Turning Our Heartland Against Us 110911
Opinion by the Fringe
When a globalogist looks at the world, very likely she sees it in terms of areas of power and areas of resources. The history of the modern world is the history of exploitation of resource areas by urban power centers.
As a result, people in resource areas are typically harvested as a cheap labor force for their urban betters.

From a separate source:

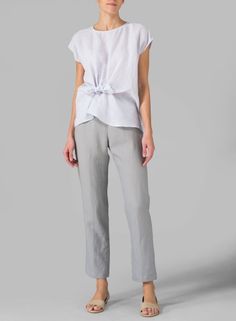 Chic Tied Tops For Summer, Chic Summer Tops With Tied Details, Chic Sleeveless Tied Top, Elegant Linen Tops With Tie Back, Elegant Linen Top With Tie Back, Chic Summer Tops With Tie Fastening, Chic Summer Top With Tie Fastening, Elegant Linen Tie Back Tops, Chic Tied Tops For Day Out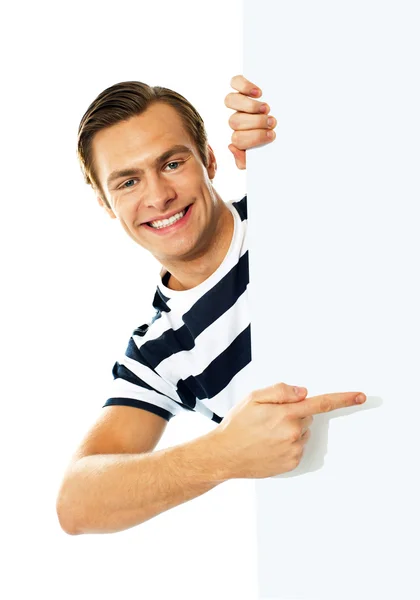 Handsome person pointing towards blank signboard — Stock Photo, Image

History is busy with such examples. The crofters of the Highlands of Scotland became virtual slaves to their British overlords because of the grass in the hills around them and the wool it would raise. Coal miners in Wales and West Virginia became essentially slaves to coal companies, and had to be grateful for the jobs which turned their woods and dales into slag pits. Rome did it, the Incas did, Britain, France. The exchange is easiest to see from nation to nation, but also takes place from areas of resource to areas of power within nations and even regions. Blood diamonds, dirty gold, and even coffee speak to the impact on local populations of having a marketable commodity.
We have water, cascading in pure streams past hills of breathtaking beauty. We already live with the decisions of the past; yep the river has mercury, and the hills have been stripped of heavy timber, and some ill advised work was done in the meadows, but while newcomers and our urban betters blame those bad decisions on gold miners and loggers, it was the market for gold and timber which caused our people to stand hip deep in water or dodge flying tops as marginally paid labor for others, elsewhere, investors from the power hub, mostly. As rural people, we are expected to work willingly for next to nothing, caretaking the resources in our hills for others.
When Rome seized a place for its resources, it gave a couple of local people “citizenship-light” of Rome, meaning they couldn’t be killed so easily, and, should they ever go to Rome, they had to be let in. Giving this mostly meaningless bestowal was enough to cause such people to work against their brothers on behalf of their betters. The important lesson for us is that the locals who exploited their cousins were certain they were doing them a favor. Eventually, they believed, their homeland could share in the glory that was Rome. We have some of that here.
And, those who don’t willingly do the work, who rail against the coal company, or against Rome, are seen as provincial, insular, uninformed.
But, some people still get it. When California needed timber to build a state, our loggers were heroes. When it needed meat and butter, our ranchers and farmers did well. When the Union needed gold, our miners were rugged adventurers after El Dorado.
Now, all the urban centers need is water. They’ll keep our miners out of the rivers and off public land, they’ll malign our farmers to keep the calves from crapping on the meadow, and they’ll keep the rest of us from using the hills.
In exchange, we get a heartland where owning a thicket of elderberry or a thatch of willow becomes a liability because some tiny varmint might live there, a place where having flowing water on your property means you work for fish. We have two choices, the same two choices people in resource areas have always had: get cheerfully on board and make the best of it, or shut up.
The Forest Service will continue to destroy old cabins and close mines, and continue to refuse to let us benefit from their presence. The muirists will continue to close our streams to dredging, lie about our history, and keep us from building in or using the hills. The Yuba and the Feather but also the Little Truckee will continue to bring government scrutiny and lawsuits. The more populations of marginal critters we have, the less we ourselves matter. As the south gets thirsty, their bureaucrats will get more bold, they will bestow citizenship on some of us to watch the rest of us. There isn’t much we can do; if we get too efficient at complaining, they’ll have the sheriff shoot us. But, we don’t have to like it.
The trick is not to turn our anger and frustration against the hills and streams which are so woven into the fabric of our lives. We still need to take care of the mountains which would support us, if they were allowed. Still, when you’re walking in the fields and hills and come across a stream, remember, they want our water.